Die oft wiederholte Aussage, dass jeder Krieg durch Verhandlungen endet, verstellt den Blick dafür, dass in vielen Fällen – vom Zweiten Weltkrieg bis zum Abzug der USA aus Afghanistan – dabei keine Lösung ausgehandelt wurde, sondern das Ergebnis durch den Krieg vorgegeben war. Umgekehrt bringen echte Verhandlungslösungen keinen Frieden, wenn sich eine Seite nicht verpflichtet fühlt, sich auch dann noch an das Verhandlungsergebnis zu halten, wenn eine erneute militärische Eskalation Erfolge verspricht oder wenn die Verhandlungslösung sabotiert werden kann, wie Russland das bereits im Fall der Minsker Abkommen praktiziert hat.

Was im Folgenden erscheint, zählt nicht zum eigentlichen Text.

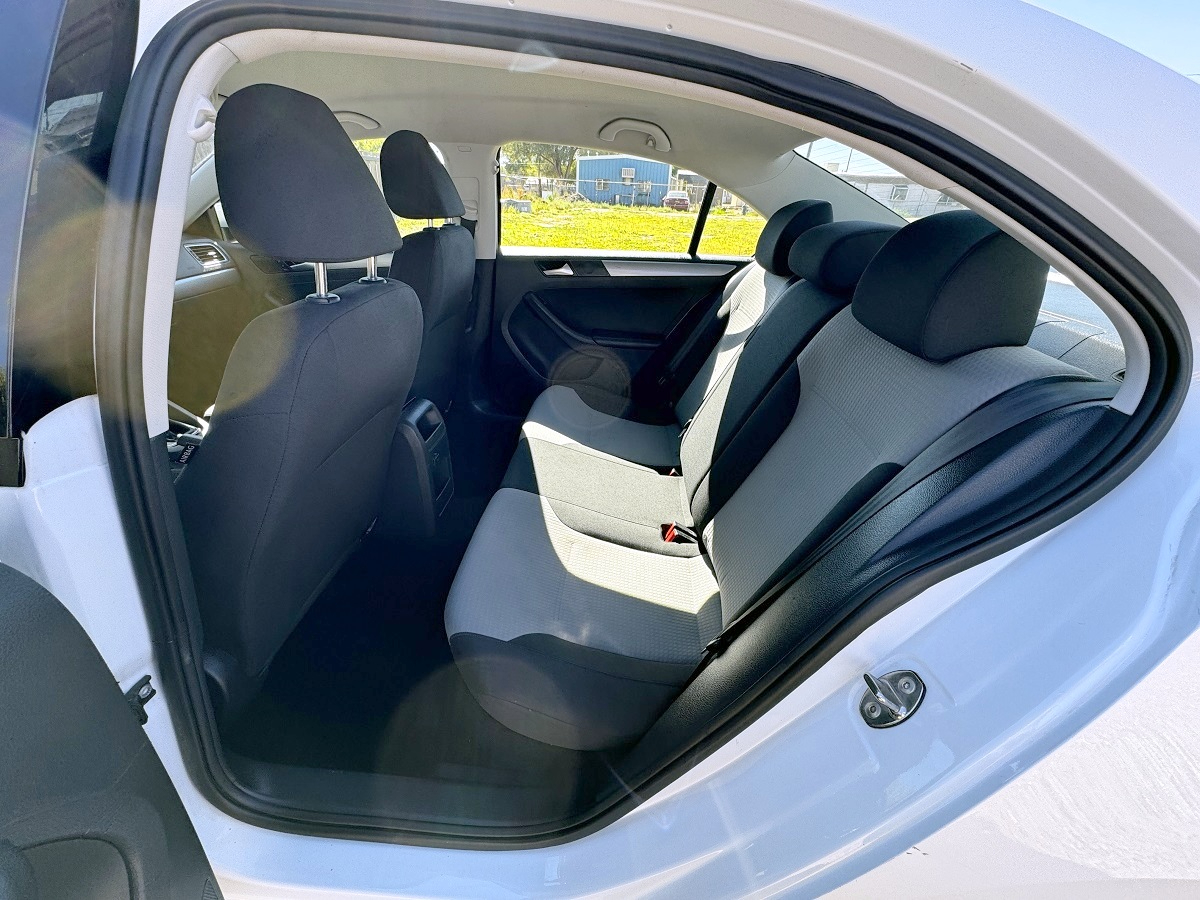 Volkswagen Jetta 1.4T S 6A 2018 Volkswagen Jetta 1.4T S 6A 2018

In einer globalen Perspektive geht es vor allem darum, dass verhindert werden muss, dass das Verschieben von Staatsgrenzen durch einen Angriffskrieg und massenhafte Kriegsverbrechen wieder dauerhaft Teil von Außenpolitik werden können. Es geht um sehr bescheidene Mindeststandards für die friedliche Koexistenz von Staaten. Diese werden von Russland im Krieg gegen die Ukraine jeden Tag systematisch, massiv und von menschenverachtender Propaganda begleitet gebrochen. Das sollte nicht verhandelbar sein.
Der Kommentar ist zuerst erschienen in den Russland-Analysen 427 vom 08.12.2022.